Tanto para esta segunda postura, como en el fondo para la anterior, lo que había provocado la aparición de la fotografía era una crisis en el sistema del arte haciendo tambalearse concepciones sólidamente arraigadas en el occidente europeo desde el Renacimiento. Particularmente importante era la relativización que se producía en torno a la tradicional función de la pintura de representar ilusionísticamente la realidad.
Desde un punto de vista sociológico, por otra parte, la aparición de la fotografía supuso un perjuicio para los pintores de oficio al sustraerles bastantes cometidos de los que tradicionalmente se ocupaba la pintura -retratos, representaciones de paisajes por encargo (bien vistas, bien paisajes topográficos), pinturas conmemorativas...-. Esto contribuyó a desplazar la actividad pictórica a una actividad de élite -ahondando en los planteamientos del romanticismo-, es decir, a una actividad para minorías y, por consiguiente, susceptible de encerrarse en su propia esfera.

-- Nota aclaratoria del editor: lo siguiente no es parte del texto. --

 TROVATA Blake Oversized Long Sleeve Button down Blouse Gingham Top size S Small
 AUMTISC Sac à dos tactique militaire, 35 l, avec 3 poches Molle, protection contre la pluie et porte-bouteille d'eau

Por ello, las propuestas pictóricas más renovadoras o revolucionarias de la segunda mitad del siglo XIX empezarán por poner en cuestión el tema relativizando su importancia y tratando de quitarle cualquier carga literaria o significativa -realismo, naturalismo-, para pasar, en un tiempo relativamente corto, a reflexionar sobre los medios, su estudio y empleo con cierta voluntad de rigor científico -impresionismo, neo-impresionismo-.
Junto a la fotografía, el cinematógrafo -1895- también contribuiría a arrebatar a la pintura su función de reconstruir la realidad, de narrar hechos y permitir la identificación del público con ellos, o al menos su proyección en ellos. El cine venía así a llenar una de las funciones tradicionales de la pintura y lo hacía, además, de una manera mucho más convincente y real, en definitiva, más efectiva desde el punto de vista de la comunicación. Todo ello contribuyó aún más a relegar la actividad artística y a disminuir su demanda lo que facilitaba, cuando no impulsaba, a los artistas a plantearse nuevos problemas en relación con su propio oficio y a considerar los lenguajes artísticos como lenguajes específicos desde los que se aborda la realidad de un modo diferente y propio.

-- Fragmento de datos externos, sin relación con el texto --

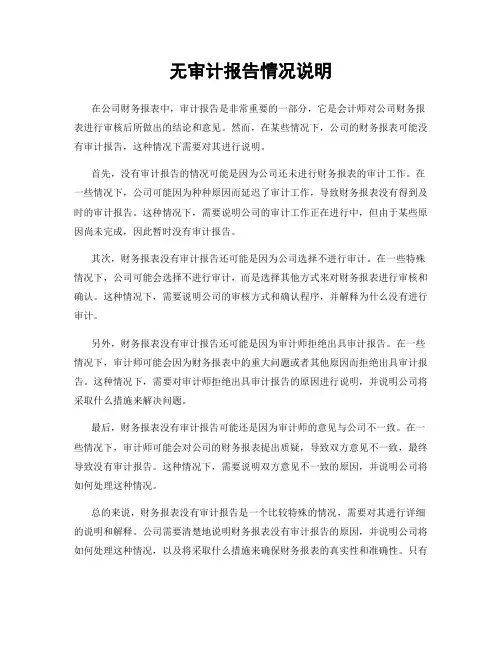 无审计报告情况说明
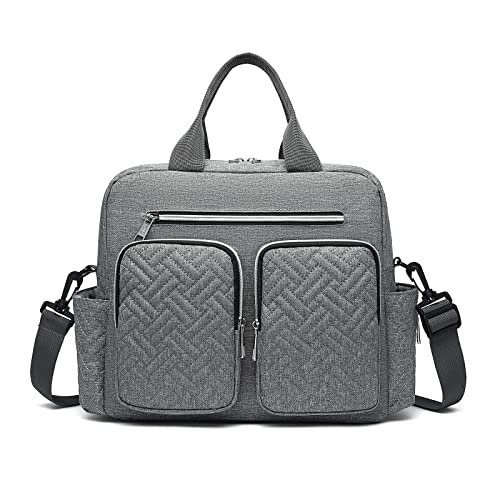 Kono Baby-Wickeltasche, groß, stilvoll, für Mama und Papa, wandelbare Reisetasche mit isolierten Taschen, grau, 16 Inches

Hay que tener en cuenta, por otra parte, que los nuevos inventos a que hemos hecho referencia eran consecuencia de los espectaculares avances de las ciencias experimentales que habían alcanzado un notable prestigio desde el punto de vista social durante todo el siglo XIX, y que continuaban su imparable trayectoria. Por ello, no es de extrañar tampoco que los artistas, o algunos artistas, se sintieran atraídos por los descubrimientos, por el rigor y la metodología propias de la ciencia y, en consecuencia, procuraran someter su trabajo a sistemas o procedimientos rigurosos, basados en principios experimentales y verificables en los que, en ocasiones, se percibe la influencia -aunque sea indirecta- de los nuevos descubrimientos, teorías o planteamientos (dato que conviene tener muy presente para entender algunas de las propuestas y resultados de los movimientos de vanguardia).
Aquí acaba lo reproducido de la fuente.